• _Assigned task_
Would you please repeat exactly the entries below, starting at the line with "Vue aérienne du" and ending at the line with "Habitación en Calle", and nothing outside that range? Leave out the pictures.

• _Data records_
○ ○ ○

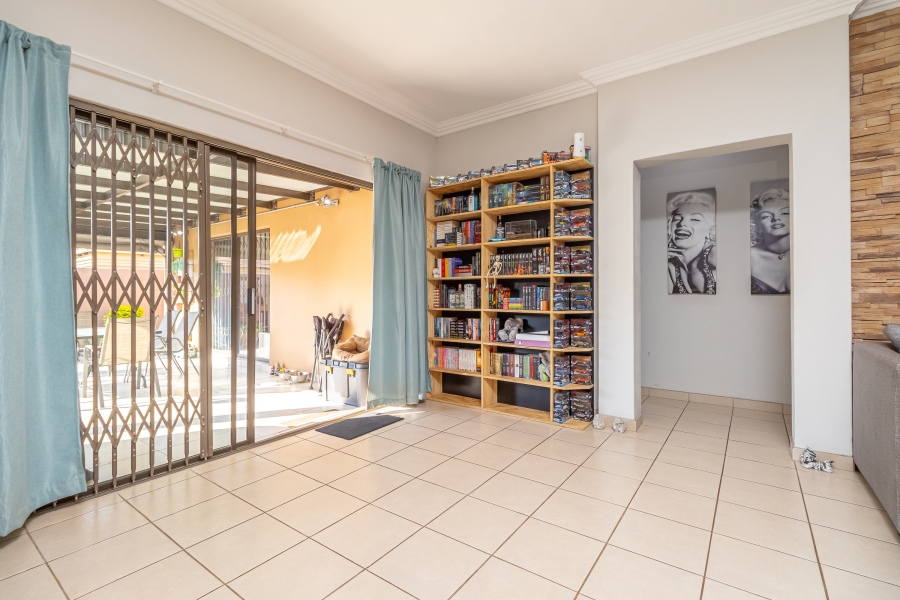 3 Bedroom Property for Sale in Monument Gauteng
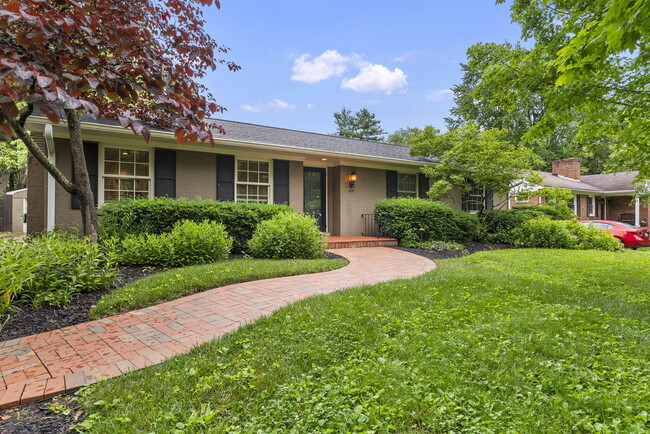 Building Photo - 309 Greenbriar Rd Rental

○ ○ ○

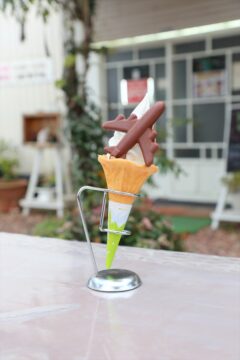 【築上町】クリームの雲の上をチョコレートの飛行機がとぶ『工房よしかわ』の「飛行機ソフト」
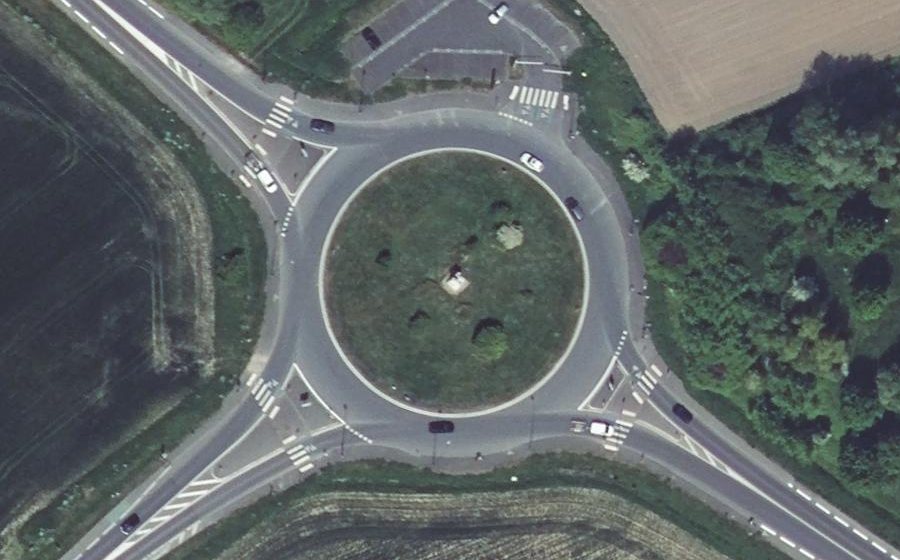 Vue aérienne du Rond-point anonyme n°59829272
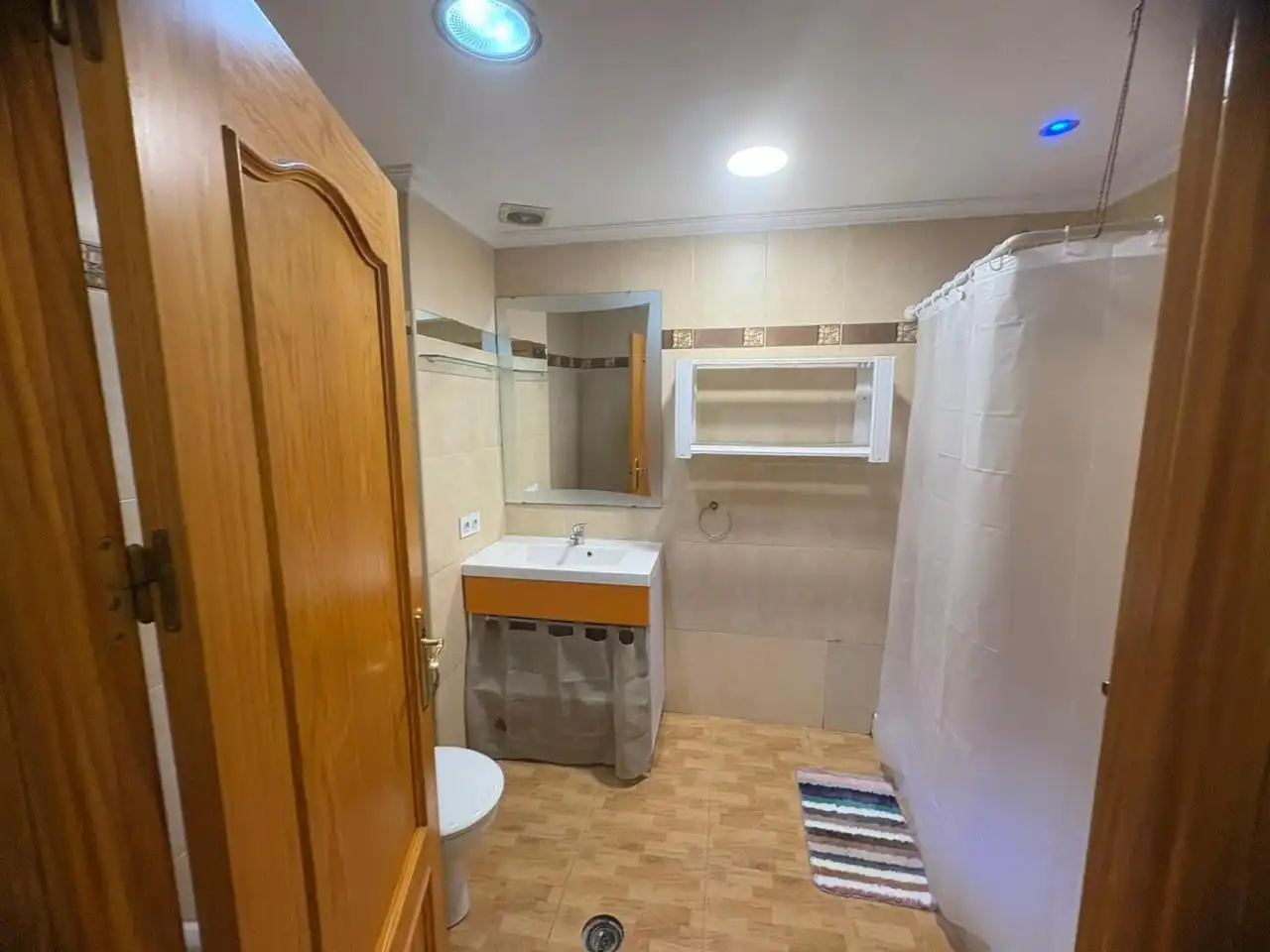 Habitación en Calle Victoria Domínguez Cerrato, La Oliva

○ ○ ○

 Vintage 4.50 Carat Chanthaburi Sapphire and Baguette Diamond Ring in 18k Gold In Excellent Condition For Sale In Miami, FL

○ ○ ○

• _Written solution_
 Vue aérienne du Rond-point anonyme n°59829272
 Habitación en Calle Victoria Domínguez Cerrato, La Oliva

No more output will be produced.